▸ **YOUR INSTRUCTIONS**:
In the data below, the answer is the run of lines from the line containing "BURHANİYR JET EMLAKTAN" through the line containing "Exterior - 5580 Springbrook Rd", both included; print it exactly and nothing else.

▸ **RECORD EXCERPTS**:
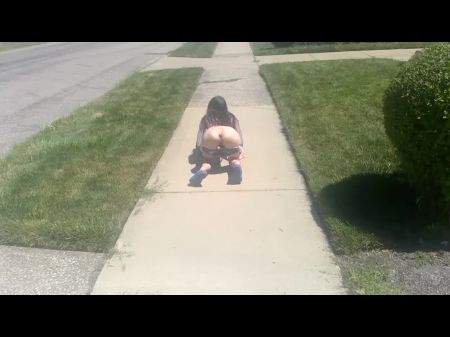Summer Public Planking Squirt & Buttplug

--

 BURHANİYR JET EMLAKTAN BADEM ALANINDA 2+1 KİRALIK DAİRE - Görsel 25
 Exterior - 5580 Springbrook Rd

▸ **RESULT FOR THIS TASK**:
 BURHANİYR JET EMLAKTAN BADEM ALANINDA 2+1 KİRALIK DAİRE - Görsel 25
 Exterior - 5580 Springbrook Rd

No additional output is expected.